§ **Directions for this task**
The data needs to be returned in full, exactly as it reads.

§ **Information given**
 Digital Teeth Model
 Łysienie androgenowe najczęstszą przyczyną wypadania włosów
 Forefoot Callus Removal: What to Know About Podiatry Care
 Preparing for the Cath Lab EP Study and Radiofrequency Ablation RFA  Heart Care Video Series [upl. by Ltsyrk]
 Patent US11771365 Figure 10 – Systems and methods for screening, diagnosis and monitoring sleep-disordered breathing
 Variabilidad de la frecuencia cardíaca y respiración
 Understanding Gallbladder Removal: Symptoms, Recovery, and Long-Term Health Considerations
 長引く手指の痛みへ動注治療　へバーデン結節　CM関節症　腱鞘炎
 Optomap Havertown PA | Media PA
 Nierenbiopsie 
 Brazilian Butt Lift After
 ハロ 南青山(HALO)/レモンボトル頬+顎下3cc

§ **Task answer**
 Digital Teeth Model
 Łysienie androgenowe najczęstszą przyczyną wypadania włosów
 Forefoot Callus Removal: What to Know About Podiatry Care
 Preparing for the Cath Lab EP Study and Radiofrequency Ablation RFA  Heart Care Video Series [upl. by Ltsyrk]
 Patent US11771365 Figure 10 – Systems and methods for screening, diagnosis and monitoring sleep-disordered breathing
 Variabilidad de la frecuencia cardíaca y respiración
 Understanding Gallbladder Removal: Symptoms, Recovery, and Long-Term Health Considerations
 長引く手指の痛みへ動注治療　へバーデン結節　CM関節症　腱鞘炎
 Optomap Havertown PA | Media PA
 Nierenbiopsie 
 Brazilian Butt Lift After
 ハロ 南青山(HALO)/レモンボトル頬+顎下3cc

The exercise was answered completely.